If January represents an accurate barometer for the rest of the year, 2006 should be good for domestic stocks, although clouds of uncertainty still remain. Despite continued high energy prices, weak GDP growth in the fourth quarter of 2005, worries over when the Federal Reserve will end its tightening campaign, and a global crisis brewing over Iran’s nascent nuclear ambitions, the average U.S. domestic stock fund gained 4.76% during the month.
Small-Caps Living Large
Small-cap funds led the pack in January, with the average small-cap growth portfolio leaping 8.35%. Large-cap value funds posted the lowest average return out of all domestic fund categories, rising 3.05% in comparison. Mid-cap funds fell in the middle. The S&P 500 gained 2.65% for the month.
While many observers have been waiting for large-cap stocks to dominate after six years of underperformance, they may have to wait a bit longer. “Investors have been attracted to growth opportunities,” said Rosanne Pane, mutual fund strategist at Standard & Poor’s. “The most attractive growth rates are in the small and mid-cap space, with the growth styles leading returns for the month. We believe mid- and small-caps will continue to lead returns over the short term, as recent earnings disappointments have been focused in the large-cap arena.”
Standard & Poor’s equity analysts estimate that operating earnings for the S&P MidCap 400 and S&P SmallCap 600 indices will advance 19% and 21%, respectively, in 2006. In contrast, the large-cap S&P 500 index is projected to deliver only 11% operating earnings growth this year,
Meet The New Boss
Another major concern for investors lies with the Federal Reserve, which in addition to undergoing a change at the top, has been tightening since June 2004. The Fed Funds rate currently stands at 4.50% following another 25 basis point hike yesterday in Alan Greenspan’s final session as Chairman. His successor, Benjamin Bernanke, will chair his first rate-policy meeting in late March. There is a lot of speculation on how much further he will boost rates, if at all.
U.S. GDP gained only 1.1% in the fourth quarter of 2005, the weakest advance in three years.
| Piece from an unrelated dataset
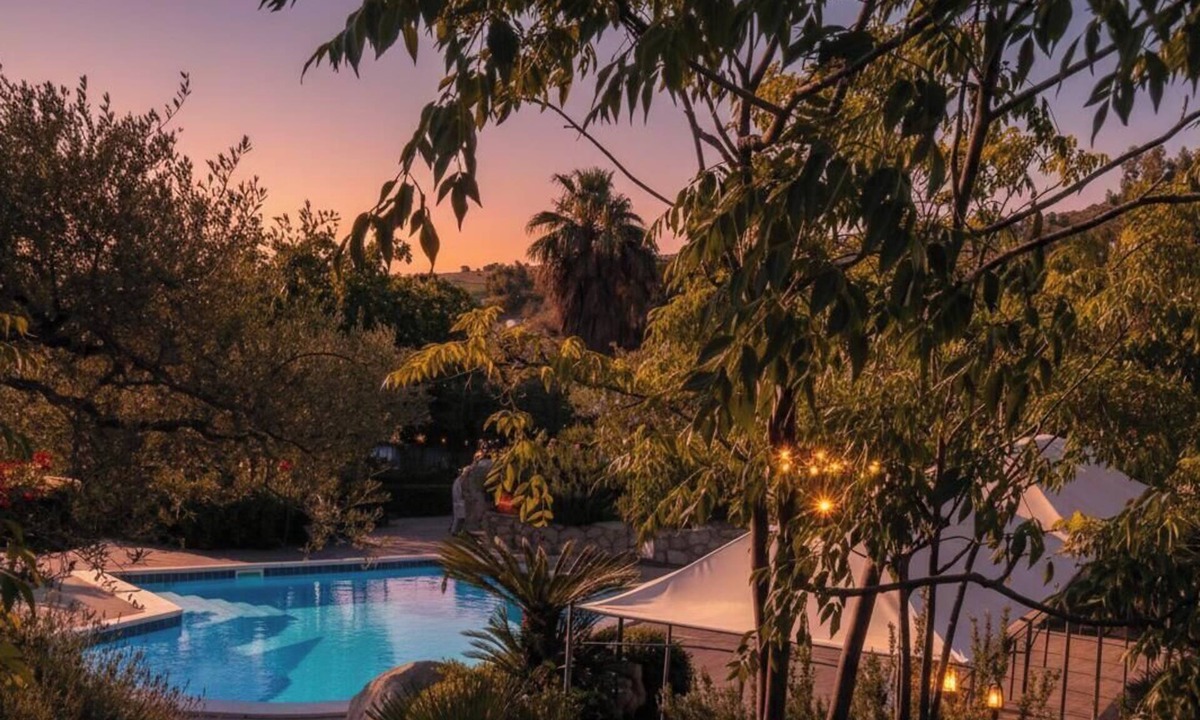 Ventimiglia di Sicilia Bed & Breakfast | Crapalicca Agriresort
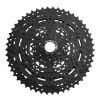 Cassette 9v. Sunrace M993 11-46 VTT pour Shimano Noir (Livre en Boite) (11-13-15-18-22-28-34-40-46)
That has led some economists to surmise that the Fed may soon stop hiking. “An additional rate hike at the March meeting is a possibility, but looks increasingly less likely, due to the weaker-than-expected 4Q 2005 real GDP growth,” said David Wyss, Standard & Poor’s Chief Economist. “We don’t think Bernanke will raise rates just to let the markets know that he is in charge.”
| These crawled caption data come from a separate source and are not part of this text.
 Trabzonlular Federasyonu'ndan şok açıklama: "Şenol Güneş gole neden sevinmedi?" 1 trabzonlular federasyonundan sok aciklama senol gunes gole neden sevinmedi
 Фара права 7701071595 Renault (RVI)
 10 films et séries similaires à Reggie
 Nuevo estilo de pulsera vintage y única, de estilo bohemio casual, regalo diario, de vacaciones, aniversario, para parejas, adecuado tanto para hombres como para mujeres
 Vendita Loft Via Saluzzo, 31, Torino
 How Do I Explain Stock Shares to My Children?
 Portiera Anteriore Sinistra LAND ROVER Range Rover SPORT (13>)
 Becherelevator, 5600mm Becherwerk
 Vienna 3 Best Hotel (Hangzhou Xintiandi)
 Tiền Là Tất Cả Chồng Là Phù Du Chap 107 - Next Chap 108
However, others believe the tepid fourth-quarter numbers reflected a temporary pause, and were not indicative of any sustained economic weakness. Moreover, with inflation rising (core prices rose 2.2% in the fourth quarter of 2005, up from a 1.4% rate in the third quarter), the Fed may need to hikesome more. Standard & Poor’s Economics department expects 3.5% growth for real GDP for 2006. In 2005, GDP rose 3.5%, following a 4.2% gain in 2004.